Here's someone who isn't particularly proficient shooting the the larger version, the KSG-25. It can fire 25 rounds of 2 3/4" 12 Gauge without reloading, and when using 2 3/4" 00 buckshot it will launch 300 projectiles downrange, or, if using #4 buckshot, it will launch 675 of them. He then fills it
with 41 minishells instead, giving him 41 shots instead of 25, and launching 451 projectiles of roughly .22 LR in power.
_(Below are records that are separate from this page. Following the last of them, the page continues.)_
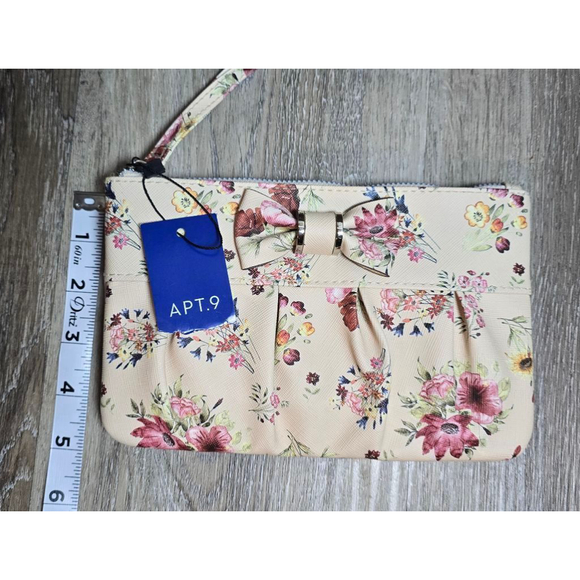 NWT Apt. 9 Floral Clutch - Picture 8 of 8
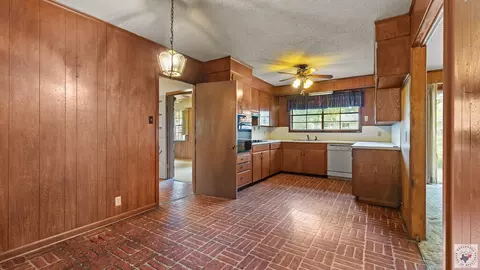 Kitchen - 14 Regency Texarkana Ar 71854, Texarkana, AR 71854 photo 1 of 4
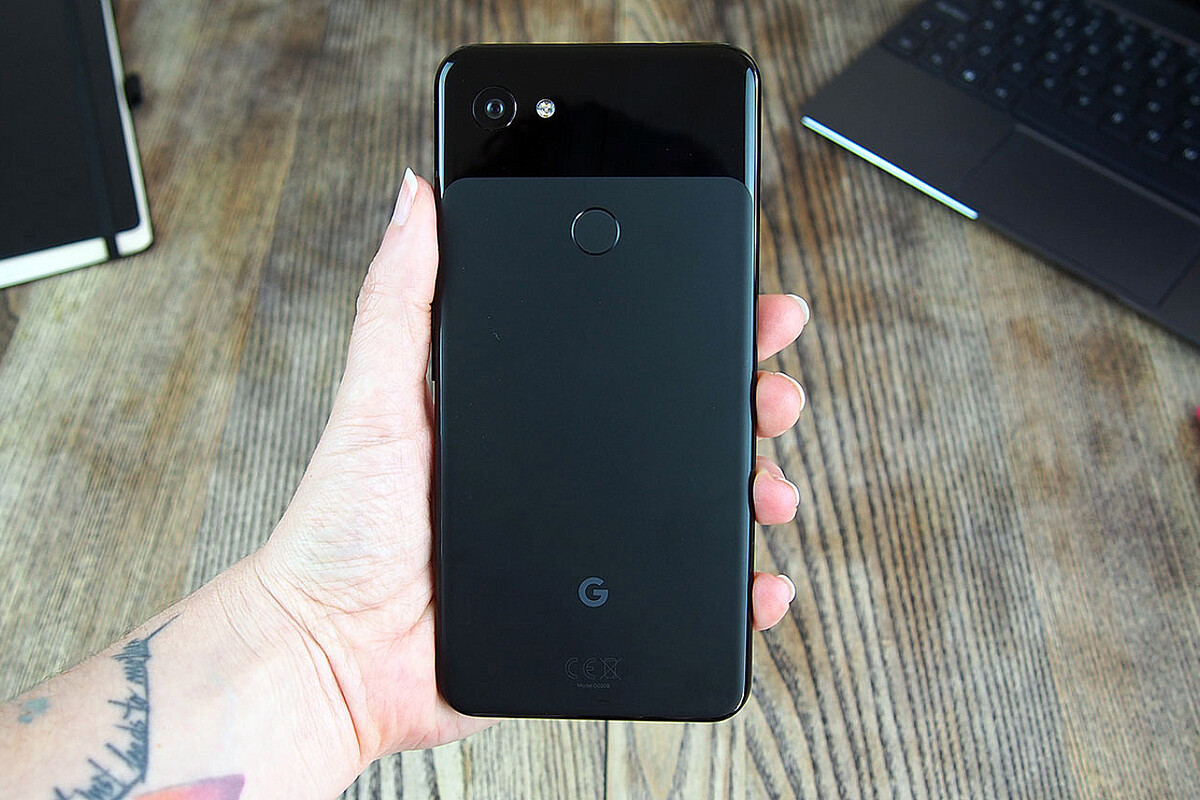 Vista trasera de un smartphone negro en una mano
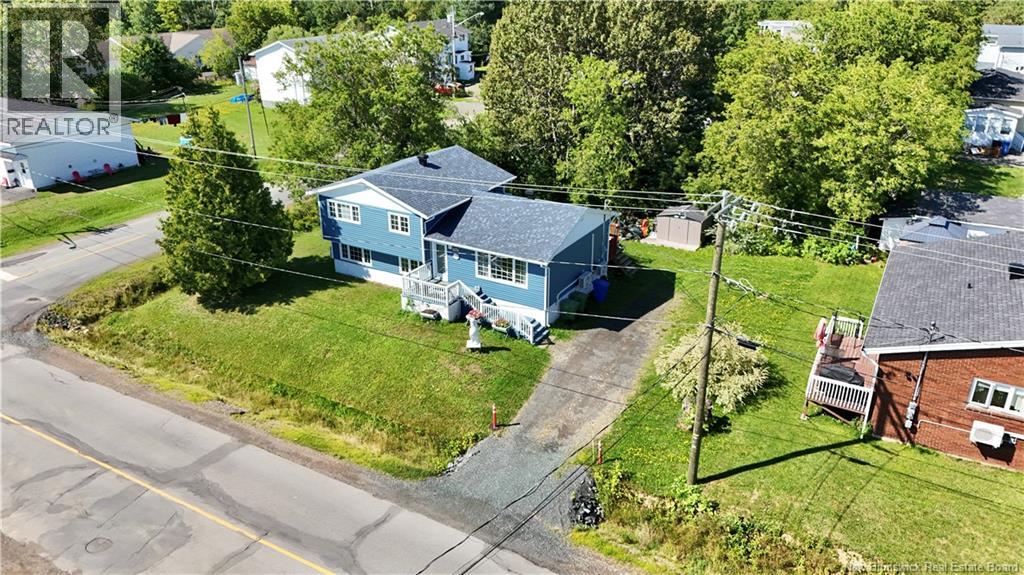 1171 Victoria - 2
For that matter, there have recently come upon the market pump action shotguns with high capacity detachable magazines. The Mossberg 590M has a 20 round magazine. 20 rounds in 16 seconds, 240 00 buck projectiles or 540 #4 buck pellets. Can be reloaded in 2 to 3 seconds.



So: Let's look at the reduced lethality of the firearms that would replace the ones you propose banning, given a bit of time for firearms manufactures to respond.

Rifles: The rifle of choice for maximum firepower is now either a pump action rifle fed by detachable magazine of 30 to 60 rounds or a semiautomatic rifle with a fixed magazine of 30 to 60 rounds, which is fed stripper clips which hold 10 cartridges. The first has roughly half the rate of fire as an old AR-15, but can be reloaded just as quickly. The second fires just as quickly for the first 30 to 60 rounds, but then takes a shooter who halfway knows what he's doing 30 to 60 seconds to fully reload. Result: Mass shooting with such weapons are, on average, somewhat less deadly.

Handguns: Revolvers become extraordinary popular, especially 8 shot models. Gun compactness pour money into modern designs for fixed magazine stripper clip fed models. Some years later, semiautomatics make a comebqdk, although they are a bit slower to reload then detachable magazine models. Assaults in which handguns are fired are, on average, a bit less deadly (ccurrently, less than 20% of handgun assaults result in more than 6 shots being fired).

Shotguns: Very little difference. Unlike rifles and handguns, the vast majority of dombat shotguns in the United States are not detachable magazine fed (although their number has increased somewhat in recent years). Pump action shotguns have just as much magazine capacity as their semiautomatic counterparts. Instead of comprising 80% of the combat shotgun market, pump actions will comprise 95% Result: Little to no change.

My conclusion is that your proposal, in and of itself, which have a fairly modest impact on the overall gun death rate in the US. The most obvious change would be in the death toll of of mass shootings. If the shooter is using a 30 shot pump rifle with detachable magazines rather than a semiautomatic, there will very likely be fewer casualties, simply because the rate of fire is only about half as much. Likewsie, rifle with a fixed magazine will reload more sloaly. Depending on the circumstances, this may lead anywhere from many fewer deaths or no change at all.